Facing the Fiscal Crisis

by Liz Hunter | Oct 8, 2018
Facing the Fiscal Crisis

Policymakers float new recommendations to help solve the state’s budget troubles.

It’s easy for politicians to point fingers when it comes to New Jersey’s fiscal crisis. From unfunded pensions, rising property taxes and other government inefficiencies, there is no shortage of blame about how we got here. But since we can’t go back in time, legislators are taking a hard look at how New Jersey can address these issues and forge a way forward.
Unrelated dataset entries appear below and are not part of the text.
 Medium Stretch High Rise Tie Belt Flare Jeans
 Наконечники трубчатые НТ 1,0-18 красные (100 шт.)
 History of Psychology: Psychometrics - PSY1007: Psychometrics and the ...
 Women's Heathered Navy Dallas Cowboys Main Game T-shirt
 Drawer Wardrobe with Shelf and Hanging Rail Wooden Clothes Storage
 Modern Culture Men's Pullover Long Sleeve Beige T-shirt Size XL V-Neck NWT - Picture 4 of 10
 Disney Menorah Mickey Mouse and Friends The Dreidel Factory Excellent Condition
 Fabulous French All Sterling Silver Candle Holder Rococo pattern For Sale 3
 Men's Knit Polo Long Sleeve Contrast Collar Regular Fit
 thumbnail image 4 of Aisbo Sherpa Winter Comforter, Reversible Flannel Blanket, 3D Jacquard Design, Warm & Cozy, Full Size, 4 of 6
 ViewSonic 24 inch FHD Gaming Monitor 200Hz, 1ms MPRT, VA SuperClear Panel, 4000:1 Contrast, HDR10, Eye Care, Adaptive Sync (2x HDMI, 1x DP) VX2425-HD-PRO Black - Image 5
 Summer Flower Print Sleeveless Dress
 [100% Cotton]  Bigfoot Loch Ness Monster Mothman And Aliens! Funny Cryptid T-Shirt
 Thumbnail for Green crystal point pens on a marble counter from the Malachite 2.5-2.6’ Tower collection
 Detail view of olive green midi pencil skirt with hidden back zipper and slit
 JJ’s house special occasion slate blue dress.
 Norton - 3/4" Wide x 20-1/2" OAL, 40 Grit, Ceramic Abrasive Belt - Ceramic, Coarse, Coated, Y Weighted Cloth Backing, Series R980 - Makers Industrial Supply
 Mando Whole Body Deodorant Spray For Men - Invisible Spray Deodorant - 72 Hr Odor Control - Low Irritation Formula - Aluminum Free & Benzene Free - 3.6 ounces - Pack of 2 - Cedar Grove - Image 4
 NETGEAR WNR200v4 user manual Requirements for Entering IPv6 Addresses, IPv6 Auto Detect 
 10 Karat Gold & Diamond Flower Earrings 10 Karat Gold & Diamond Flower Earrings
That was the impetus for the creationof the Economic and Fiscal Policy (EFP) Workgroup, formed by Senate President Steve Sweeney under the bipartisan leadership of Senate Budget Chair Paul Sarlo (D-Bergen), Sen. Steve Oroho(R-Sussex) and Assembly Majority Leader Lou Greenwald(D-Camden). The workgroup, which included about 20 top economists, academics and fiscal policy experts, began meeting in January and convened several times to discuss and arrive on policy recommendations.

Their final report, Path to Progress, was released this past August and contains proposals in five key areas: pension and benefit reform, stabilizing the pension system, administrative-level education reform, local government reform and shared services, and state and local government tax structure. The report is not law, but a roadmap of potential solutions, plural.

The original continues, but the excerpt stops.